When talking about wallets, a fundamental is the fact that if you lose the key, nobody is going to retrieve it for you.
A fundamental is that having the key and passphrase are the only authorization required.
A fundamental is that these are not credit cards, so they are non-reversible if someone gets your key - you don’t get to make a claim for a refund.
The technical specifics behind those might not be fundamental, so we don’t need to bother our users with them. But these fundamental things should be up front and center.
Finally, there’s this one.
Addressing a problem in the abstract became a crutch.
I stopped doing it years ago, fortunately, but didn’t put a name to it until recently, when I listened to a sensational talk by Bruce Lawson on accessibility, standards and more importantly, the effect of our platform choices on people. I’m not going to repeat his whole thing, but I strongly recommend you watch it.
Because I started this talk mentioning the people I was building software for, but then left that aside. That is emblematic of a lot of projects I ran.
To directly quote one of Bruce’s points:
You need to see people, not problems.
Censorship is a problem. Frictionless money transfer is a problem.
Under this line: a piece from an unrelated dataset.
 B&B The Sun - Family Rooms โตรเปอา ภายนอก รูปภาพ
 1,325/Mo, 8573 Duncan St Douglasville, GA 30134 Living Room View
A dependence on central authorities is a problem.
And I know, it’s preferable to solve problems than to just build cool tech because nobody has built it before.
But you need to keep in mind who will be using this tech, whose problem you will be solving, because in the end their actual day to day situations are different.
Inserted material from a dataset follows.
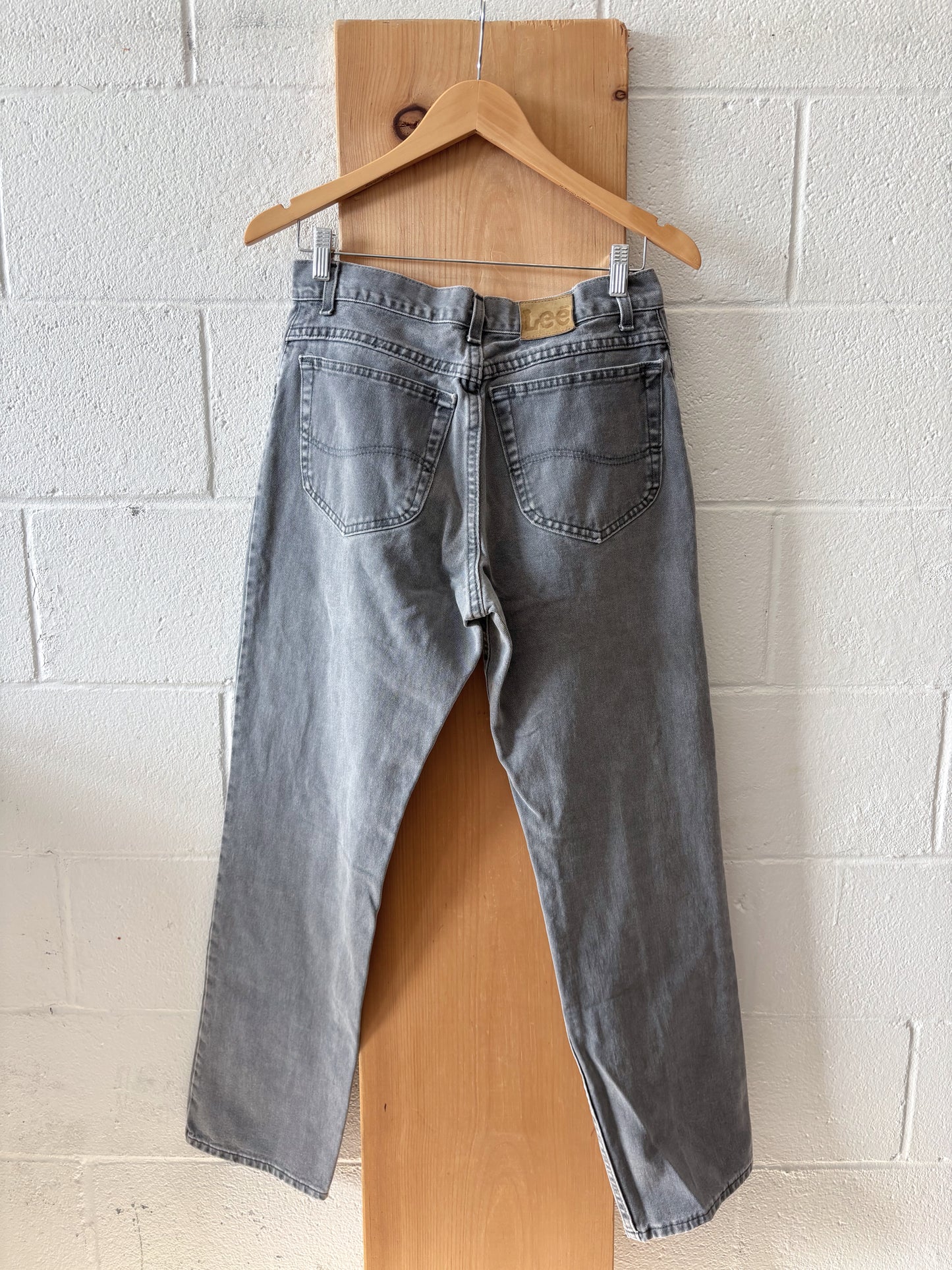 Gray Lee Jeans : 31” W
We need to remember that we are in no small way privileged, if for no other reason that we know more about these technologies than the people who will be consuming them.
How those problems manifest for us here, those of us who can afford to come to Paris for a conference, is different from how they manifest for other people.
People in a country whose mining hardware might be confiscated if the government realizes they have it.
People working abroad, tired, just trying to send money back home regularly, more concerned about the chunk that the Western Union fee takes out than about a (for them) academic degree of decentralization.
People like my parents, unaware of the size of the truck that’s about to hit them, trying to figure out what to do when their money is worth less every day and their debt increases automagically.
This is no longer about waiting for people to grow up with digital money or decentralized applications. There’s no massive contingent out there opposing this anymore. It will happen.
There are situations where people have an immediate and pressing incentive to make a switch, where switching is very much an issue of life and death, like in Carlos’ case in Venezuela.
Those will be the easy sells.
But there are also the insidious cases, the situations where it could help people who don’t yet realize how bad things are going to get.
In those cases, people will make the switch to a new system early only if it is easy for them to do so.
Even if the thing that underlies this system might be the future.
Chances are, what you are working on is that future.
I’m not saying this to pump you up, or encourage you, or embolden you.
I’m saying this to put the fear of god into you.
If this is the future… People are going to end up living with the decisions you make.
Because I’m more and more convinced that we can’t afford to wait until crypto and decentralization creep into the general consciousness to sort these things out.
Someone will eventually figure out enough usability issues and users will flock in. Most of them will stay with the first solution that actually solves their problems in an easy-to-understand manner.
And if it is not you… well, there’s Facebook.
They already have a massive installed base. There is such a thing as inertia.
And as a privacy advocate, that is terrifying.
You will need to out-execute them, because it doesn’t matter how technically superior, uncensorable or more decentralized other solutions are, the code is not the only thing.
And I believe that a key part of this is to make sure your users understand your tool better than what they feel they understand anything else.
You will need to keep your users happier than they keep them.
So please, make sure that whatever decisions you make, help them understand the truth of whatever it is you have built.